**Prompt:** The pictures stay out. Please retype every line below exactly.

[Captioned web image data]
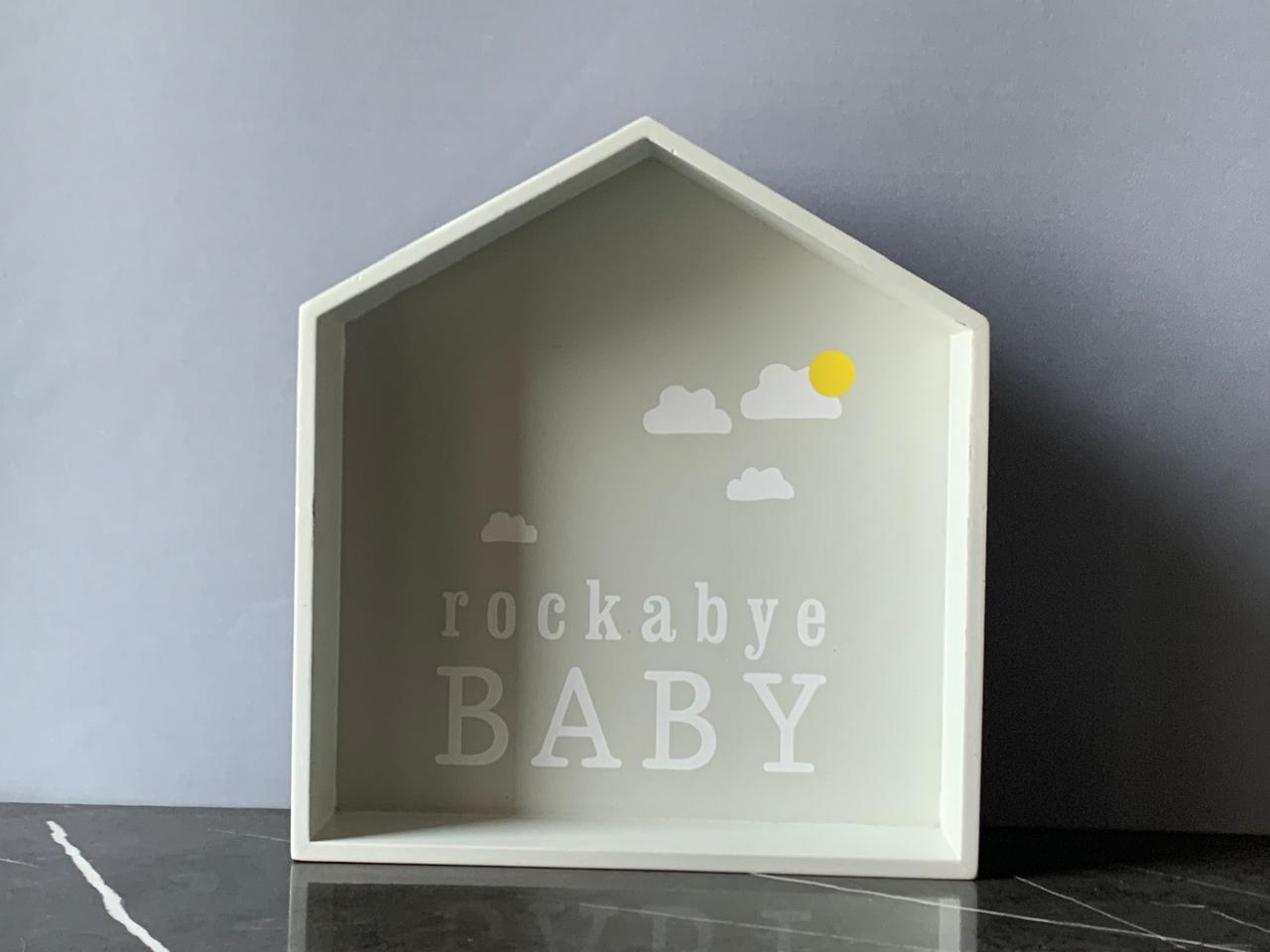 M&S Baby Nursery House Block Wooden Shelf. SKU-BXL:01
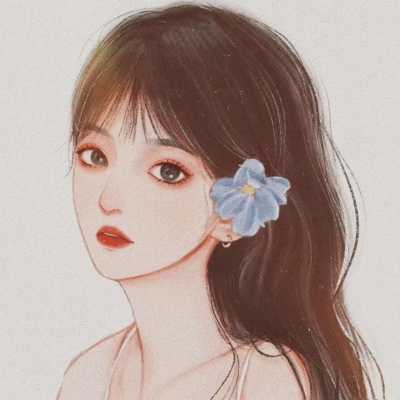 可甜可盐的手绘动漫女生微信头像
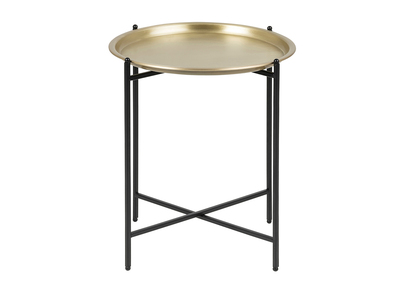 Design-Beistelltisch rund Metall vergoldet LUZ - Design-Beistelltisch rund Metall vergoldet LUZ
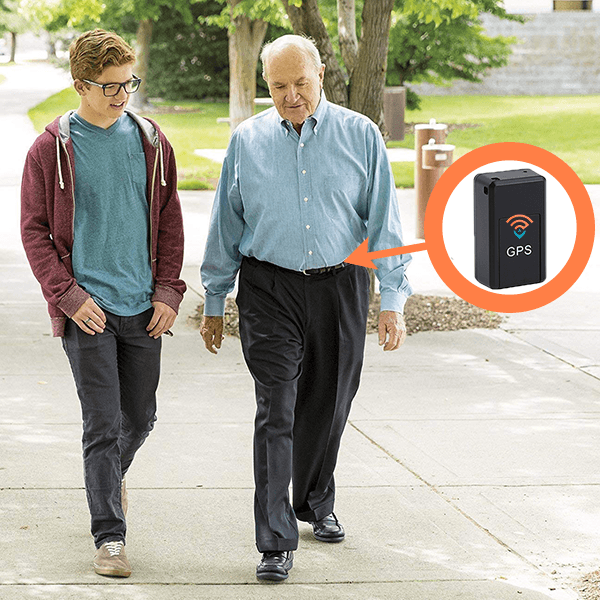 "Traceur GPS Mini noir compact, magnétique, pour suivi en temps réel sur surface métallique, idéal pour sécurité et discrétio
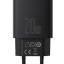 Зарядный блок Type C+1USB Baseus Compact 20W EU 1USB/1C, черное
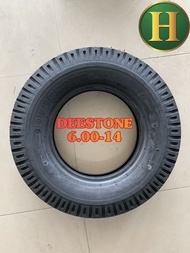 6.00-14  DEESTONE ดอกหน้า8ชั้น🇹🇭ราค1เส้น✅รับประกัน1ปี👍✅❤️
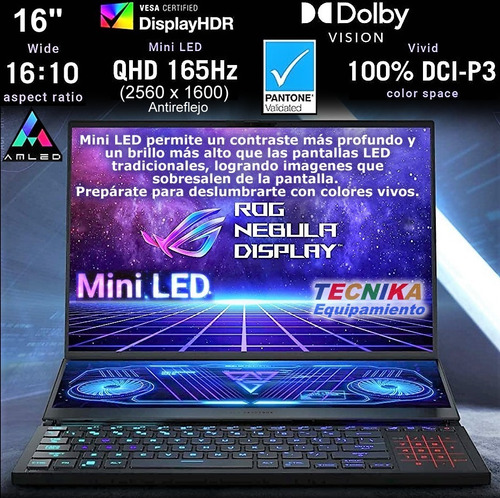 Imagen 4 de 9 de Asus Rog Zephyrus Duo 16 Gx650 R9-6900hx Rtx3070 32gb 1tb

**Exercise response:**
 M&S Baby Nursery House Block Wooden Shelf. SKU-BXL:01
 可甜可盐的手绘动漫女生微信头像
 Design-Beistelltisch rund Metall vergoldet LUZ - Design-Beistelltisch rund Metall vergoldet LUZ
 "Traceur GPS Mini noir compact, magnétique, pour suivi en temps réel sur surface métallique, idéal pour sécurité et discrétio
 Зарядный блок Type C+1USB Baseus Compact 20W EU 1USB/1C, черное
 6.00-14  DEESTONE ดอกหน้า8ชั้น🇹🇭ราค1เส้น✅รับประกัน1ปี👍✅❤️
 Imagen 4 de 9 de Asus Rog Zephyrus Duo 16 Gx650 R9-6900hx Rtx3070 32gb 1tb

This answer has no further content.